While 119 such candidates showed up at the meeting at the railway auditorium in Dhanbad, 40 did so on the premises of railway recruitment board office in Ranchi and voiced their grievances.
The committee of senior railway officials drawn from across the country that has Deepak Peter as chairperson and Rajiv Gandhi, Aditya Kumar, Mukesh Gupta and Jagdish Algar as members heard the candidates personally at both places.
“The candidates who had filled in the form declaring Hindi as their mother tongue and English as an alternative language were given English question papers only, not bi-lingual as was expected,” alleged a candidate in Ranchi.

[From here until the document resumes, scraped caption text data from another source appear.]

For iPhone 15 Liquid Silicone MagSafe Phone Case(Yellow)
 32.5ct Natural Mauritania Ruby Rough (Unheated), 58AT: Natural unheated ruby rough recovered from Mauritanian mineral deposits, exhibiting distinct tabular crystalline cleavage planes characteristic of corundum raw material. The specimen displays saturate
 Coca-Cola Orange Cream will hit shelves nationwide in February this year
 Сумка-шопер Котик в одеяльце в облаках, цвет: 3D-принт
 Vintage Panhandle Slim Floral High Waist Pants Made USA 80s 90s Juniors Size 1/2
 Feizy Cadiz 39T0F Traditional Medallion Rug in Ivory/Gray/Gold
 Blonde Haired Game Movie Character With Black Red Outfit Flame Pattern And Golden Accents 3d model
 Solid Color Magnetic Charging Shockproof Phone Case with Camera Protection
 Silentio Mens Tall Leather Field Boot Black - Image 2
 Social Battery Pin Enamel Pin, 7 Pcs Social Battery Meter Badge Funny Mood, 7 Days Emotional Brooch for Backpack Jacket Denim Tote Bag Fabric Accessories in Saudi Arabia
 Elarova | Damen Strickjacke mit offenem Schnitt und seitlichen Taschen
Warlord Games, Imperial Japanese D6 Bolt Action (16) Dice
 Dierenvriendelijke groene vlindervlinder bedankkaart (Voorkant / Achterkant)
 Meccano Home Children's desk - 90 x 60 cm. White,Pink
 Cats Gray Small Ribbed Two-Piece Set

The committee assured the candidates that their grievances would be looked into, informed a release issued by the Ranchi railway division, adding they were also organising a camp in Ranchi for gathering such grievances/suggestions from the candidates who could not attend the session.
“East Central Railway has opened outreach camps for the purpose at divisional level,” Rajesh Kumar, chief public relations officer of the ECR under which Dhanbad division falls added in another release issued from his office in Hajipur in Bihar.
The candidates who had appeared in a test for railway jobs under non-technical popular category (NTPC) started lodging vigorous protests after the results of the first computer based test (CBT) were declared by mid-January that affected train movement.
The results of CBT-1, declared on January 14, shortlisted candidates for CBT-2. The candidates protested saying the notification for the purpose, issued in 2019, did not mention about two tests but only one. These jobs, for group three and four positions, are not of highly-skilled in nature and as such there was no need for a complex selection procedure, they argued.
Their protests spread to many places in Bihar and also in Uttar Pradesh.
A Bihar bandh was also called in the last week of January that was supported by the Opposition and also by two minor NDA partners in Bihar, Vikashsheel Insaan Party and Hindustani Awam Morcha.
Even the Prime Minister's office had called a meeting of top officials of railway ministry to review the examination process, it was reported in a section of the media.
Then the railway ministry formed a high-powered committee to look into the grievances of the candidates that subsequently visited Jharkhand also.